売電収入:1万 kWh×42円=42万円

売電収入割合:1万÷1万1,500円=0.869

必要経費:500万円×0.059×0.869=25万6,355円

雑所得:42万円-25万6,355円=16万3,645円

太陽光発電の確定申告の手続き

確定申告を行うときは、国税庁のホームページにアクセスして確定申告書を作成するという方法があります。給与所得者なら源泉徴収票を手元に準備し、給与所得について入力すべき箇所に必要事項を入れていきます。

さらに、雑所得の画面に切り替えを行い、太陽光発電の売電収入による雑所得について入力を行います。必要な項目の入力がすべて終わったら、書類の提出を行います。書類の提出には複数の方法があります。たとえば、確定申告書を印刷して税務署に持参または郵送するという方法です。

ほかにも、e-Taxというサービスを利用することでインターネット上から提出を行うこともできます。より簡単に確定申告を済ませたいのであれば、e-Taxを利用すると便利です。

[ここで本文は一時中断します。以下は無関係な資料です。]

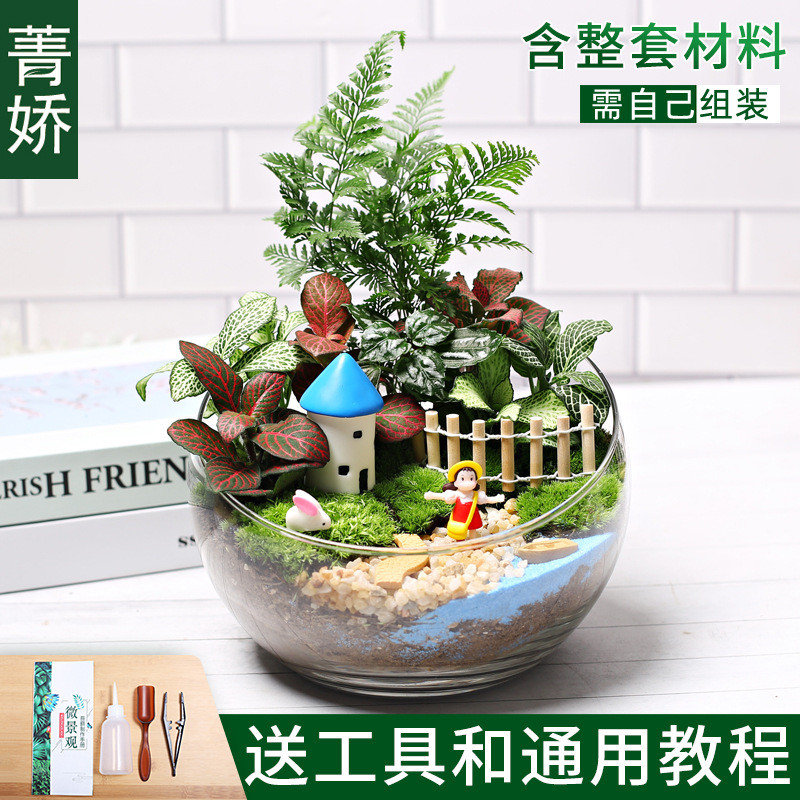 18切儿童微景观小盆栽diy鲜活植物苔藓种植材料包生态瓶创意套装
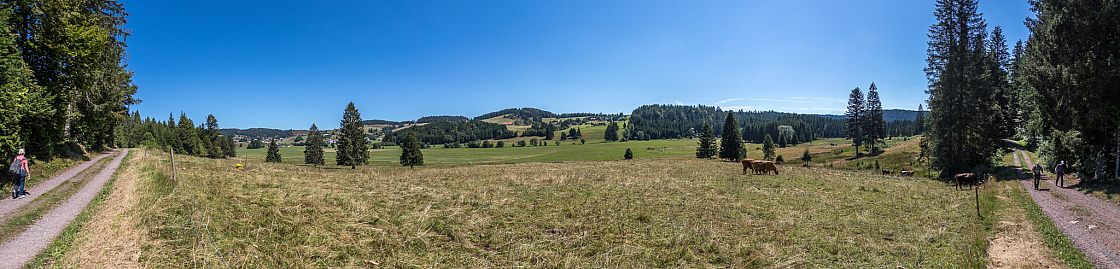 20200806121207 pano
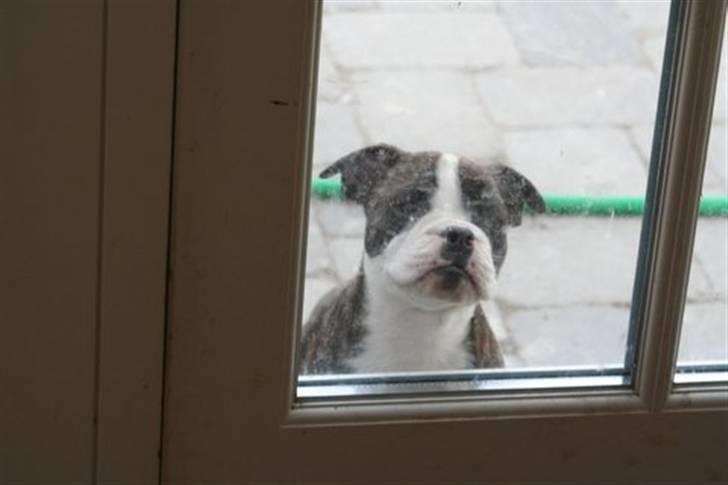 Olde english bulldogge *OSCAR* billede 7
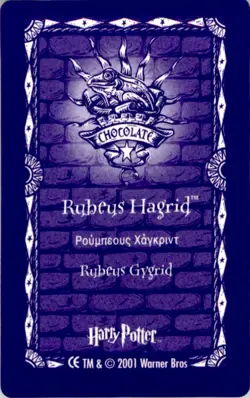 Harry Potter Lenticular Chocolate Frog Card (2001) 1st Series - Rubeus Hagrid - Image 2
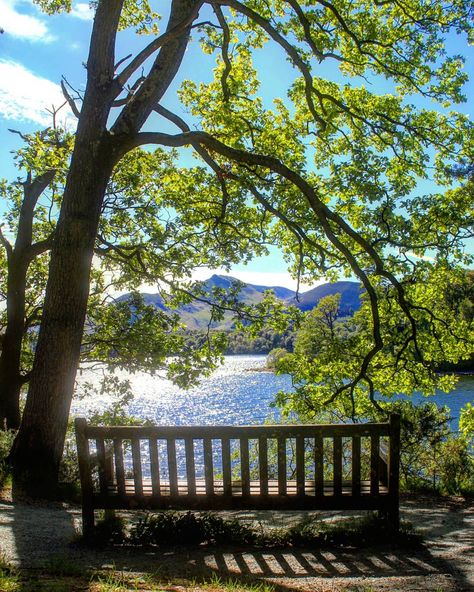 Under A Tree, Big Lake, Lake Decor, Take A Seat, Lake District, A Tree, Bench, Outdoor Furniture, Lake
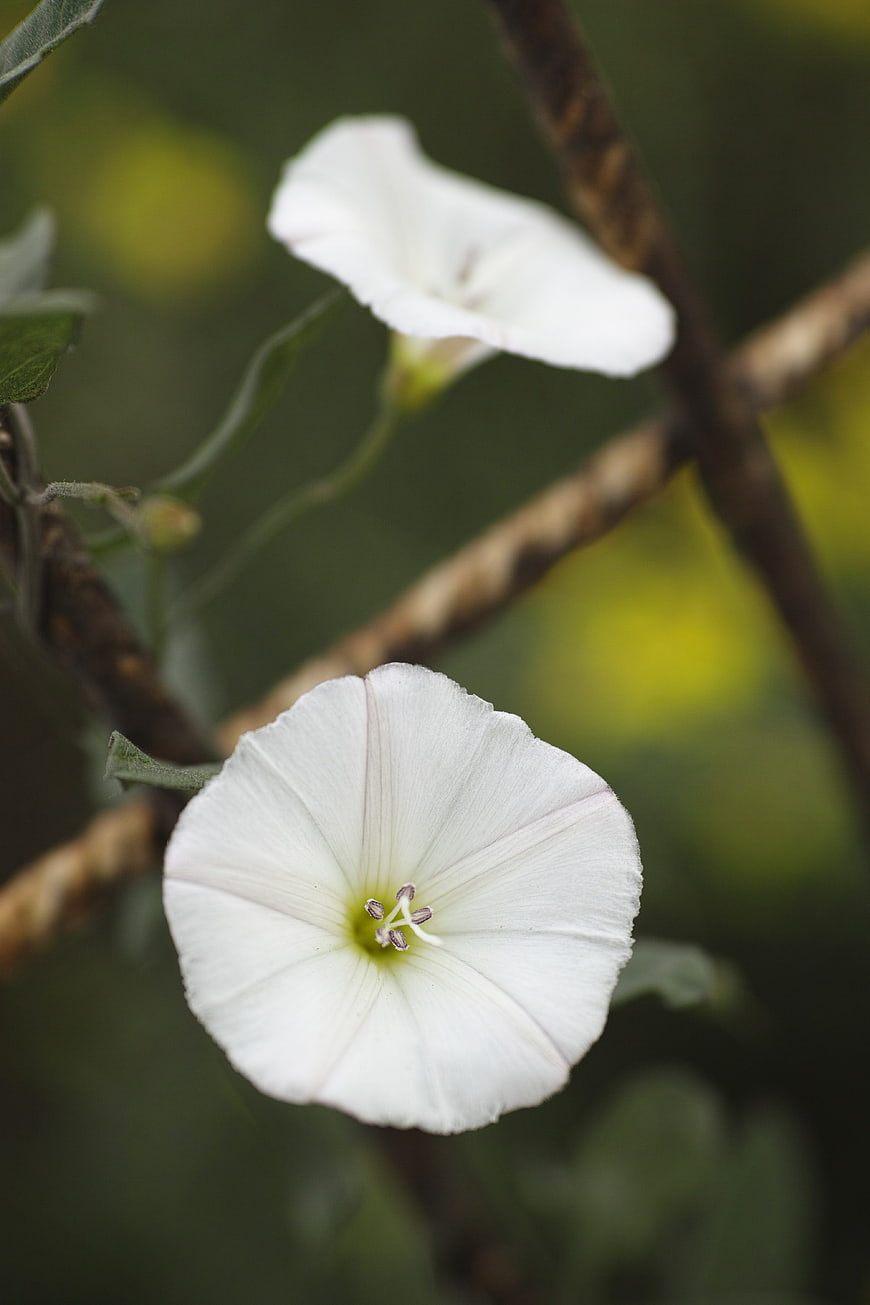 Close-up of white morning glory flowers on a vine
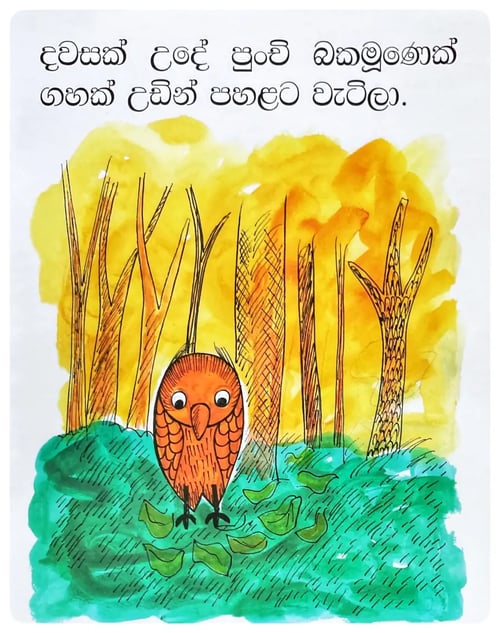 පුංචි බකමුණා | Punchi Bakamoona inside view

太陽光発電による雑所得が20万円を超えたら確定申告が必要です!

太陽光発電の売電収入について雑所得が20万円を超える場合は、確定申告が必要となります。経費として認められるものや雑所得の計算方法について、あらかじめよく理解しておくことが重要です。

確定申告を怠ると税制面でペナルティが課されてしまうため、確認は慎重に行ったほうがよいでしょう。期限内に確実に確定申告の手続きを済ませられるように準備を整えましょう。